Happy New Year!

A good time to take stock, huddled in front of the fire.

Boo!

As is often the case, I’ve been moving more slowly on this project than I’d have liked. Lack of resources is a continuing problem, but my own tendency to procrastinate has been by far the biggest obstacle to progress. On top of this, my main dev computer packed up recently, so until I can get that fixed or replaced I’m getting things set up again on an old laptop. Frustrating.

Three Steps Forward…

My strategy of taking a multi-pronged approach has had its pros and cons. I’ve got a prototype VLF receiver mostly built and have spent quite a lot of time playing around with Arduinos and related devices. On the software side – which is really the novel aspect of this project – I did make reasonable progress, getting together a provisional system design and some of the implementation. But then stalled. My desire to build hardware to allow local data collection has been something of a distraction, when there’s nothing stopping me from working with data from INGV and VLF.it.

Plans.

Looking ahead, I really need to reboot myself on the software dev. The ultimate target for running code will be nothing more sophisticated than this laptop. But for exploring algorithms and probably NN training, pre-optimisation, I reckon using cloud services will be my best bet. Concurrently I can look at some of the side prongs that I want to include in the system as a whole – notably web publication of data and automatic generation of Twitter notifications.

As everyone that’s worked on a solo project knows, I’ve also got a lot more material in my head or at best sketched in notebooks that needs writing up. How often has the New Year Resolution been : “Write more docs.”.

Mini-Seismograph

On the hardware side, until I’ve got my income a bit better sorted out I am pretty much limited to rather a scattergun approach using what ever components I have at hand. As well as finishing off the mostly-built VLF receiver, I’ve also got the bits for a basic seismograph. It’ll essentially be :

  •  ESP32microcontroller + comms :  core of the subsystem, handling the acquisition and preprocessing of data, which it will expose using a basic web server, accessible from the local network (the ESP32 includes WiFi connectivity).
  • MPU6050sensors : accelerometer +gyroscope : a tiny MEMS device, connected over I2C.
  • MicroSD carddata logging : experience shows that 100% connectivity is implausible, so some local history is very desirable
  • Tiny RTC cardrealtime clock :  the comms will be async, so accurate local timestamps are a must.
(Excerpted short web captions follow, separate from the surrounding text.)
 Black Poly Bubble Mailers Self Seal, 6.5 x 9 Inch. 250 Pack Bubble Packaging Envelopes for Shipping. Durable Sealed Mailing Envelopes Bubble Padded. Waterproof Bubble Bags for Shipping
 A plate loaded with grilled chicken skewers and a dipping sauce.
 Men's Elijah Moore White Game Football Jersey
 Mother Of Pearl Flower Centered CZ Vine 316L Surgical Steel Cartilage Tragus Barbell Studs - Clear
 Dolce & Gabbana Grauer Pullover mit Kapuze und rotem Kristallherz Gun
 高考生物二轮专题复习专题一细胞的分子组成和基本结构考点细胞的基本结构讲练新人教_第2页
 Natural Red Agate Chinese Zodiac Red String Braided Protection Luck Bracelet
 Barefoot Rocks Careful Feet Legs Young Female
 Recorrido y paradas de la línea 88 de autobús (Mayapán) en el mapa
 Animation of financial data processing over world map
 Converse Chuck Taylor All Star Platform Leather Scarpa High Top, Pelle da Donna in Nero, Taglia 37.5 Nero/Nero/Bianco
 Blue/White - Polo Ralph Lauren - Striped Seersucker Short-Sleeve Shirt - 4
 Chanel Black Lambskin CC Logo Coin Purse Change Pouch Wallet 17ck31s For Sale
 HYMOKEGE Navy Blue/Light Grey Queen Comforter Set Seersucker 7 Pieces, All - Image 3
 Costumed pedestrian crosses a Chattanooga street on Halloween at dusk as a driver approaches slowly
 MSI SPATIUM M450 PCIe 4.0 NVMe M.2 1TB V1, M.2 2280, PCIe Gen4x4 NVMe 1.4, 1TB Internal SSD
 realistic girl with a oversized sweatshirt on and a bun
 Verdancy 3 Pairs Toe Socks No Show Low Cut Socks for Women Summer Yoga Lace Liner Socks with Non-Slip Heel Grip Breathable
The ESP32 is a remarkably capable little device and I’m reasonably confident of the viability of interfacing the peripherals. Hopefully just a matter of plodding through example code for each, tweaking as needed.

The MPU6050 sensors are much less sensitive than those of typical seismometers. Only events with significant magnitude are likely to be detectable. It remains to be seen, but I have my suspicions that having 2 different types of sensor in there mean it will, with a bit of wrangling, be possible to get more effective sensitivity than the individual sensor data would yield. Whatever, once the wiring and code is in place for this setup, it should be trivial to extend it to use a more sensitive sensor. (Note the Raspberry Shake 4D configuration.)

Also…

I’ve got a little tangential project on the go. ELFQuake is in essence about trying to model aspects of a physical system : Earth geology and its electronically-detectable artifacts. Creating an analogue in software that captures enough to be able to make useful predictions. Also I’m increasingly convinced that the design of analog circuits between the sensors and standard data acquisition elements (ADCs etc) will have a major impact on the potential success of the system. Putting these points together, it shouldn’t seem that off the wall that I’ve been working on the design of an analog computer. (I must admit I also want to play with chaotic systems, this is something I’ve been messing about with for years).

 

 

Matching Transistors for Log/Exp Converters

Slightly off-topic again.

I’ve been looking at analog log/exp converters, primarily with music synth applications in mind. Here’s a typical Voltage Controlled Oscillator circuit, which uses a pair of transistors as part of the exponential conversion sub-circuit.  But there may well be potential for using an analog log converter to effectively improve the resolution of the ADC part of a seismic data acquisition system. Note that earthquake magnitude measurements are usually expressed as log values – e.g. in the Richter Scale, a magnitude 5 event has an amplitude 10x that of a magnitude 4 event.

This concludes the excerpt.